The F-35 stealth jet is ready to fly, the Air Force said in early August, but not everyone agrees. Defense Department Director of Operational Testing Michael Gilmore said in an internal memo on Aug. 9 that he believes the program is “on a path toward failing to deliver.” In documents obtained by Bloomberg, Gilmore said that problems with the plane’s electronic warfare suite, weapons employment, and other software still persist.
Gilmore has criticized the program before, including calling the software’s deployment schedule “not realistic” in December 2015 and expressing concerns again in June.
Development “is running out of time and money to complete the planned flight testing and implement the required fixes and modifications,” Gilmore said. He listed about 15 elements of the software that aren’t yet ready for testing or haven’t had all of their problems worked out.

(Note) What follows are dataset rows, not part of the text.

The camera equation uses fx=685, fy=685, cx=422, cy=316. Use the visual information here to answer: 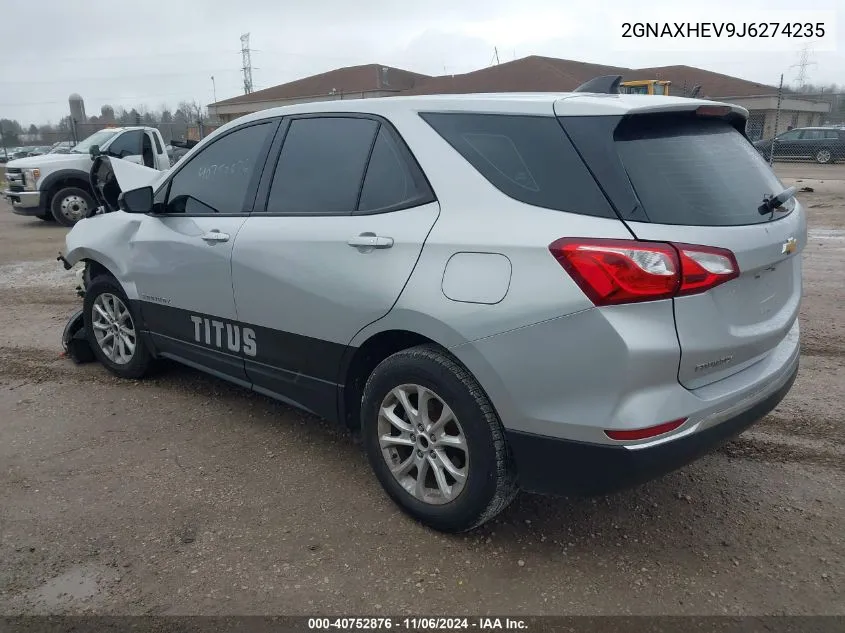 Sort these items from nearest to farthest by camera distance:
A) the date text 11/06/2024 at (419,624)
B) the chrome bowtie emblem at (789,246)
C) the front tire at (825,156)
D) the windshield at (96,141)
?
1. the date text 11/06/2024 at (419,624)
2. the chrome bowtie emblem at (789,246)
3. the windshield at (96,141)
4. the front tire at (825,156)

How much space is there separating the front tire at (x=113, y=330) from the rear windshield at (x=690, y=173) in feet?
11.3

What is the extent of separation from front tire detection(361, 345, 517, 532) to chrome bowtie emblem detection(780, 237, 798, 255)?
1.35 meters

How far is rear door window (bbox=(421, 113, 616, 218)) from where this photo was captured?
250 cm

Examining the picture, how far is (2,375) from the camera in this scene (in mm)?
5082

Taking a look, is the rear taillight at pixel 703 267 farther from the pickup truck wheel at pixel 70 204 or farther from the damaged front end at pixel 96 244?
the pickup truck wheel at pixel 70 204

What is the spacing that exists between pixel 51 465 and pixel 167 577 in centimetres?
137

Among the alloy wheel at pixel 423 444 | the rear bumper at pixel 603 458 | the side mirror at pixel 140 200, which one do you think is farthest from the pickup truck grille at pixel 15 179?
the rear bumper at pixel 603 458

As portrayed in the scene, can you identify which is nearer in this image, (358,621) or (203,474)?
(358,621)

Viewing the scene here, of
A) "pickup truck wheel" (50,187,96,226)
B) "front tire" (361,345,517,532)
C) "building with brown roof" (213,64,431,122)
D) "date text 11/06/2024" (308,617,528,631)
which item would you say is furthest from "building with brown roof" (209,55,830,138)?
"date text 11/06/2024" (308,617,528,631)

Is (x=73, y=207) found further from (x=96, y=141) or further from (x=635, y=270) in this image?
(x=635, y=270)

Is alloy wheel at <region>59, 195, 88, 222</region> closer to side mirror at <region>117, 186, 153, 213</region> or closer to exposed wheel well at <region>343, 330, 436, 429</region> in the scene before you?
side mirror at <region>117, 186, 153, 213</region>

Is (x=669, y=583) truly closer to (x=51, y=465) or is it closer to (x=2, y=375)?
(x=51, y=465)

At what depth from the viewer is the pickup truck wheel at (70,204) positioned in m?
13.1

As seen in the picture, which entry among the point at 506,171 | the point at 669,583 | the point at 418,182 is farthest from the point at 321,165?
the point at 669,583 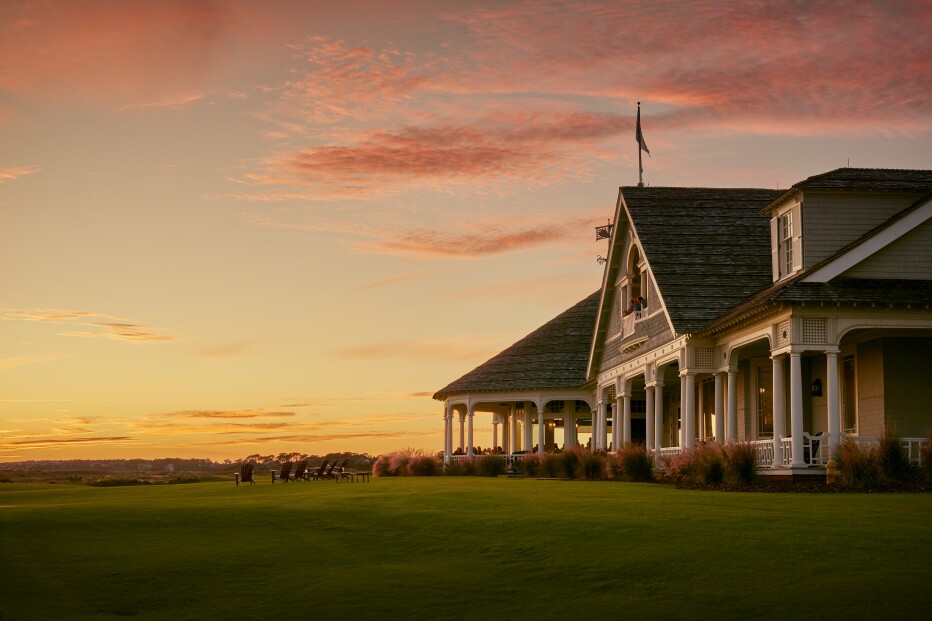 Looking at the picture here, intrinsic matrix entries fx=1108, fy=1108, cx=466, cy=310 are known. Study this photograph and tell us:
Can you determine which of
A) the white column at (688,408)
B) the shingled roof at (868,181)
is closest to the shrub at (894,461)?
the shingled roof at (868,181)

Among these are systems that warn of enemy radar signals, the ability to share images between jets, and the software needed to deploy the Small Diameter Bomb.
Gilmore also critiqued the price of the program, which comes to almost $400 billion after development is complete.
His memos went out to Air Force Secretary Deborah Lee James, Air Force Chief of Staff David Goldfein, and Pentagon Acquisitions Chief Frank Kendall.
James pointed out that initial combat capability “’means initial and over the next several years it’s going to continue to develop, and the word ‘develop’ is an important word too.”
The F-35 program is scheduled to be completely out of development in 2018 and into full production with Lockheed in 2019. The continuation of the program is dependent on the next president and defense secretary, who will decide whether to move into full production.